I've always used the 15* delta as a starting reference, but since I have no EGR cooler, I'm not really too concerned with it. I think a better test would be how fast the cooler cools the oil back after hard acceleration/heavy load, and the highest temp the cooler allows.
For example, I tow a nearly 12k TT with about 1000 lbs. of gear in my bed at any given time. My deltas never get over about 14 when under heavy load, climbing steep grades, while towing. When I reach the peak, and the load is reduced, it literally takes about 10-12 seconds or so for the deltas to come back into the 10-12 degree range.
The biggest things to remember are the max temp the oil should ever see. I believe this to be 250*, although I have never seen anything higher than 233*. During that time that I saw a 233* oil temp, my coolant temp was at 219, which was still within the 15* delta spec.
I have an aftermarket, low cost cooler made by A-1 Cardone.
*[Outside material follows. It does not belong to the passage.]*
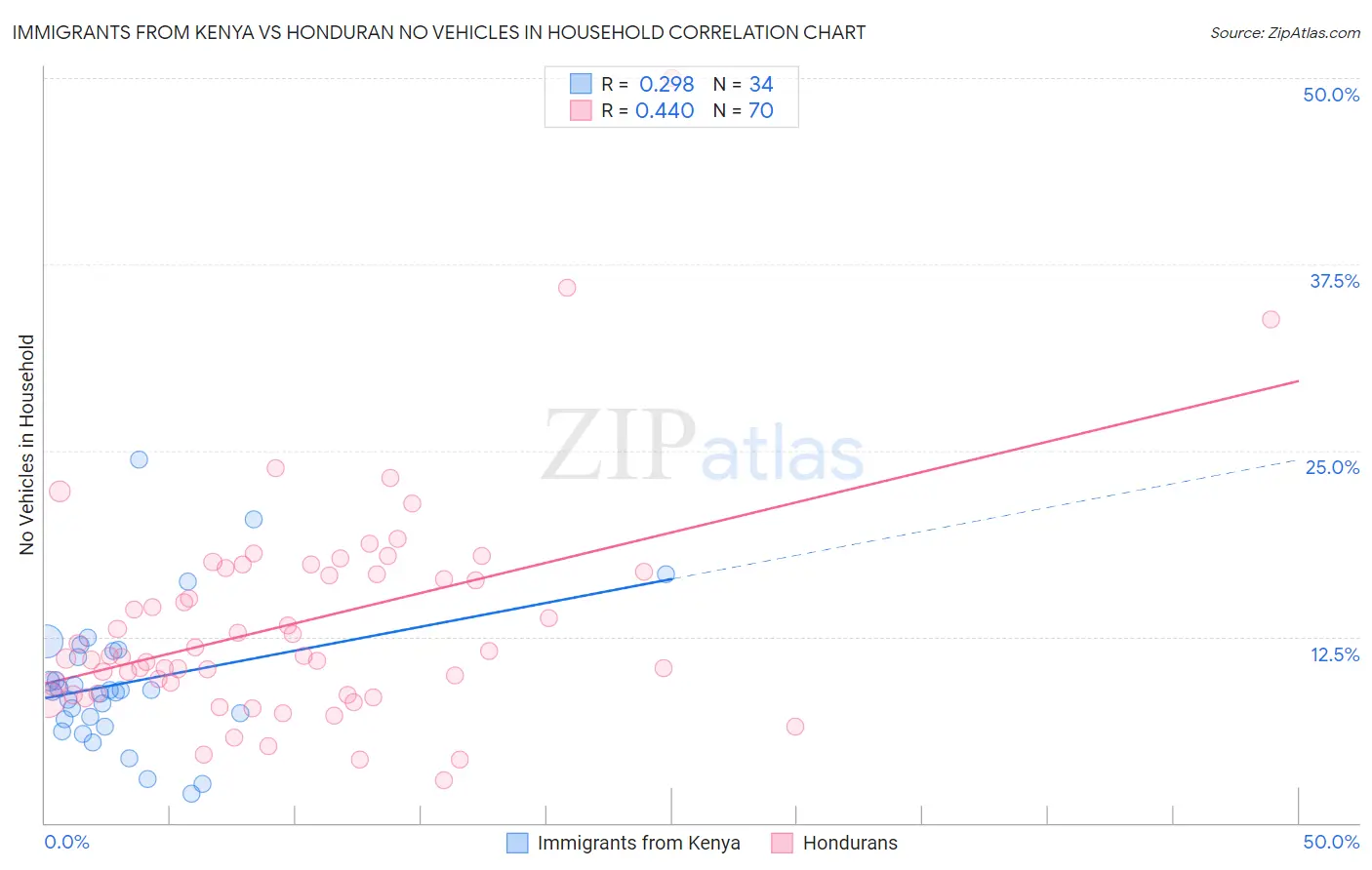 Immigrants from Kenya vs Honduran No Vehicles in Household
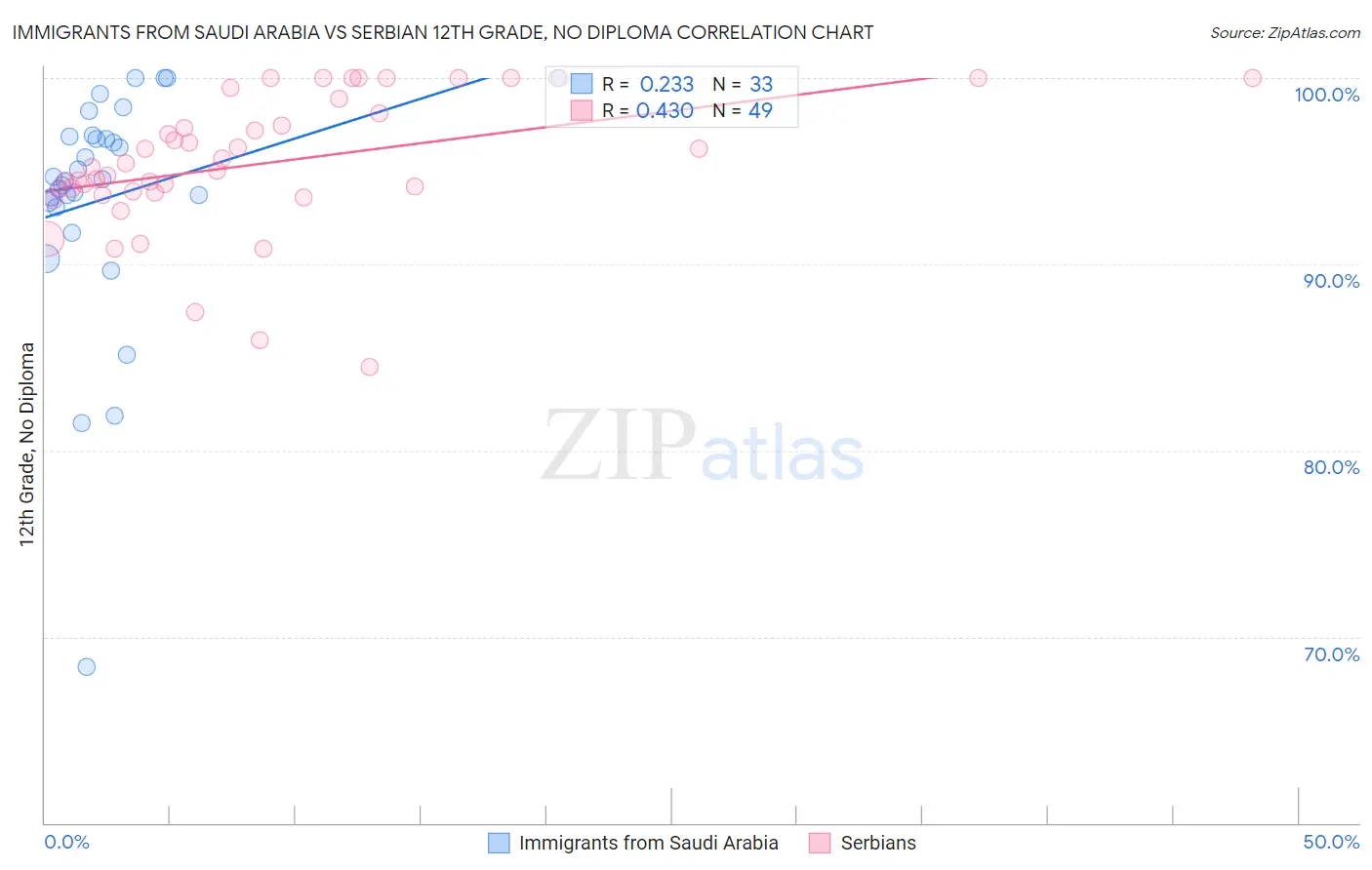 Immigrants from Saudi Arabia vs Serbian 12th Grade, No Diploma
I believe this cooler has been re manufactured, as it bares the factory international etched part numbers on the bottom. The only problem with it I can see is the cooler plate seal, but I used a factory international one when I changed it.
I have never seen anything more than a 14* delta while towing heavy, uphill at 60 MPH. Many people will say not to use them, and will show much evidence on why you shouldn't. I agree with them, unless you are using ELC coolant, have a coolant filter and have deleted your EGR cooler.
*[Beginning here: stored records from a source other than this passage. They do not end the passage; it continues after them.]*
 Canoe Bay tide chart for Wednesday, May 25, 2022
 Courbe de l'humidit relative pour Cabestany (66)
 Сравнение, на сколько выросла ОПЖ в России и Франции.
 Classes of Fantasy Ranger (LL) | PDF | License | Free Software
Here's the problem I see with the "delta" procedure.
Supposedly, this process was created to give technicians a way to determine oil cooler health. I think it's deeply flawed, simply because of the parameters required. 65MPH yields a different RPM and load with trucks configured with different gear ratios and GVWR. A general speed, such as 65 MPH, is simply not a good parameter to use in a test that can be so crucial to the engine's health. A better procedure would be a set RPM to maintain at a specific GVWR.
Technically speaking you'd be correct, however I don't think, my op, that 65 is crucial. 50 to 65 would probably be just as good as long as you hold the speed steady. Steady coolant flow, load and air intake would be the factors that are imp.
Here's the problem I see with the "delta" procedure.
Supposedly, this process was created to give technicians a way to determine oil cooler health. I think it's deeply flawed, simply because of the parameters required. 65MPH yields a different RPM and load with trucks configured with different gear ratios and GVWR. A general speed, such as 65 MPH, is simply not a good parameter to use in a test that can be so crucial to the engine's health. A better procedure would be a set RPM to maintain at a specific GVWR.
I'm not sure about "deeply flawed." We're talking about a basic guideline for testing, not an exact science to make this determination.
We could also go deeper into parameters such as elevation, tire size, and drag coefficient, but at the end of the day, using this formula should give you a guideline for taking the next steps.
Mine runs about 8-12 degrees unloaded. 12-15 degrees when pulling flat. I can see up to 22 degrees on long hill climbs, dropping back down relatively quickly after the crest. I'm not concerned.
Between 60-68MPH. Its a TT with a large frontal area.
Thor, that looks my rig minus the rear slide. The reason I ask is I've been fighting high EOTs when towing. I average 238 or so and hit 244 last time I towed pulling a 3 mile, ?? grade hill at 80 mph. My deltas are 6 to 7 when tested, and I replaced the oil cooler bypass valve when doing my oil cooler last winter. So, I'm curious why my deltas are so much higher than others .... other than towing at 80 mph--which keeps my engine load up, and oil cooler bypass valve open.
I was originally thinking low on power because of low boost, but I'm not throwing any boost codes. HPO gets over 2500 and not much blowby. So I"m wondering if I'm low on power for some other reason. So I Any ideas, regardless of how silly, are welcome.
I'm looking to upgrade to a 5th wheel and increase my towing weight by about 2500 lbs and I'm a little concerned about the EOTs with my 8500 TT.